[Bitcoin-ml] Malleability Fix SIGHASH_ANYOUTPUT

Steve Shadders shadders.del at gmail.com
Mon Oct 9 11:54:28 UTC 2017


There isn't really any reason that Tomas's concept of immutable txid needs
to be baked into the protocol. There is nothing stopping nodes or payment
meta data services (that might evolve in the future) maintaining a publicly
available index of immutable txids calculated the same way Tomas's malfix
does. This would serve the purpose you describe perfectly well.

I also disagree with calling malleability a bug. It is a property of
Bitcoin. Yes it prevents certain edge cases. But how do we know it doesn't
enable others? When someone makes the case that they need immutable txids
we should consider it. Conversely we shouldn't close off the possibility
that someone will make the case that they need mutability when viable
alternatives exist for most known (and used) use cases...

On 9 Oct 2017 7:28 PM, "Tom Zander via bitcoin-ml" <
bitcoin-ml at lists.linuxfoundation.org> wrote:

On Sunday, 8 October 2017 19:17:19 CEST Tomas via bitcoin-ml wrote:
> I don't see a problem with transaction malleability if you publish
> transactions on-chain.

This is an interesting point of view. I definitely think you are quite wong
in that regard.

I'm not going to argue that malleability is a big thing that needs fixing as
soon as possible, as we know its not really high on the priority list as
many other things are in need of being done first.
But one thing is very clear in my mind, IT IS a bug in the protocol that
needs fixing. (at least opt-in).

Let me give you a simple usecase where this is relevant. One that is often
overlooked by developers because they focus on bitcoin technology only,
forgetting how the rest of the world works today,


Today we have lots of companies that cash a check or take a bank-transfer
every month or so to get paid. Lets take as an example a building-society.
One that owns various flats or buildings and rents them out to a large
number
of tenants.
Their current system is one where they have simple software to monitor the
payment history of every tenant. They briefly connect to the bank to get new
incoming payments once a day or so.
The information they get from that will get pushed into their administration
software. That software will send payment reminders letters etc.

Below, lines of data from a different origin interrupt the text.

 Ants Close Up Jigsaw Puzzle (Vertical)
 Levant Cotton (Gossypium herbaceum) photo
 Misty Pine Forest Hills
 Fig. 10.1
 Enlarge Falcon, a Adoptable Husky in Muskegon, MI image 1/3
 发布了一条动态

Now imagine a good portion of the people will want to start paying with
Bitcoin instead.

If malleability is a problem we have several ways that this can be
implemented. Without exception they need either an external company doing
the payment processing or they need an actual full node on site to monitor
the traffic or create new incoming addresses.
Both of these solutions are not acceptable for the majority of companies.
They require a huge investment in both trust and infrastructure.

If malleability if fixed, on the other hand, stuff suddenly gets dead
simple.
The building society puts out one address for all incoming payments.
Probably one address per month. for all tenants. Each tenant sends their
payment and communicates the txid they used to the building society.
Naturally wallets need to be updated to show the txid before sending the
transaction to the network, but this is a rather low effort fix, don't you
think so? (full node wallets actually already do that).
Once a day the building society connects to an online API the same way they
connect to the bank. They check if the incoming transactions actually got
confirmed and are the right amount.
Simple to add to most existing software.
Practical because the company hardly needs to change their ways of working.

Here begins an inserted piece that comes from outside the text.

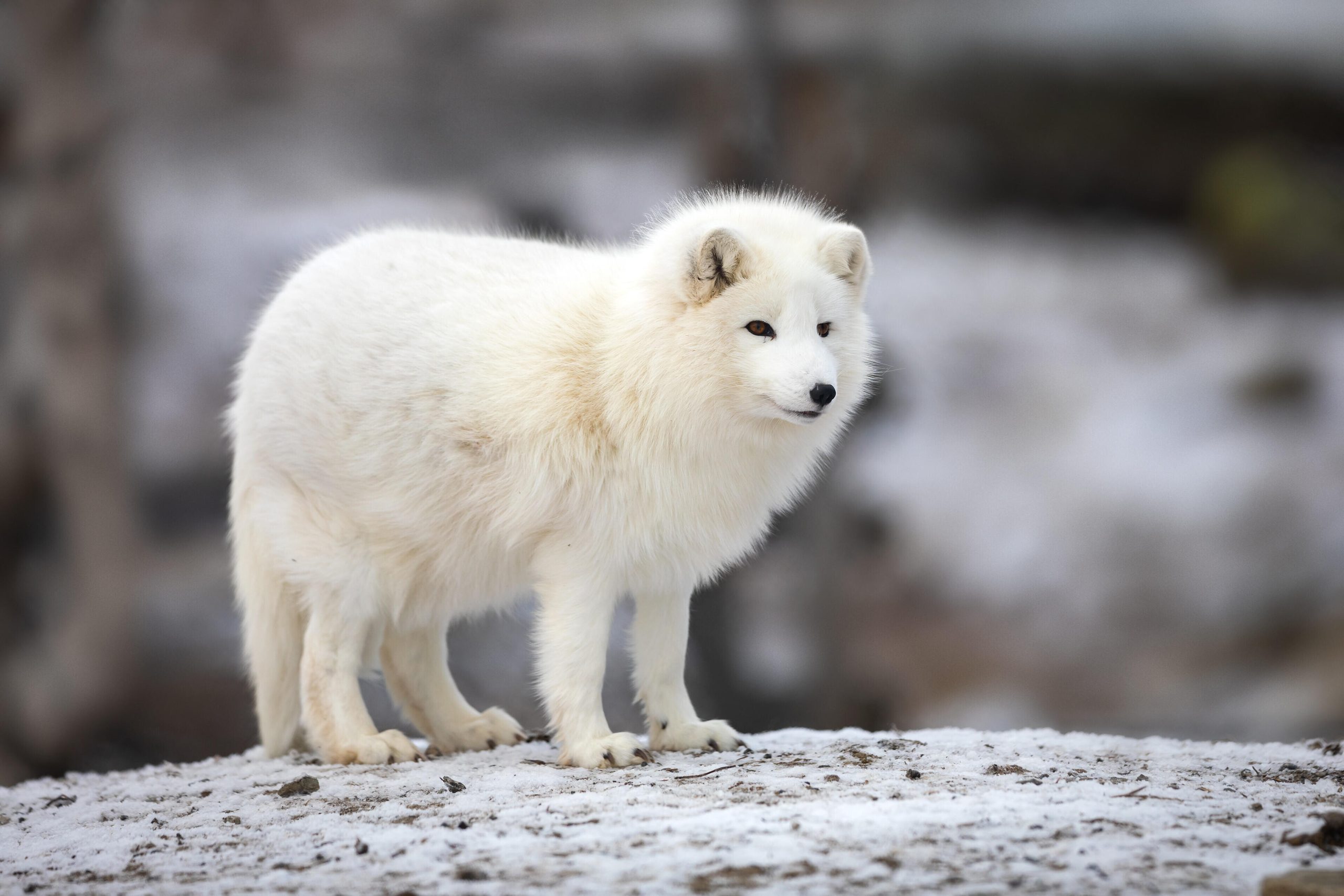 Un renard polaire en fourrure d'hiver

In short, malleability takes away a rather large portion of usability that
people currently have in actual normal banking. Which is that a specific
transaction can be identified. Normal banking does this with a comment, we
use a transaction-id.
To not fix this means we force people to jump from zero crypto currency all
the way to being a very involved crypto-currency company in one go. And in
real life that's just not how things work.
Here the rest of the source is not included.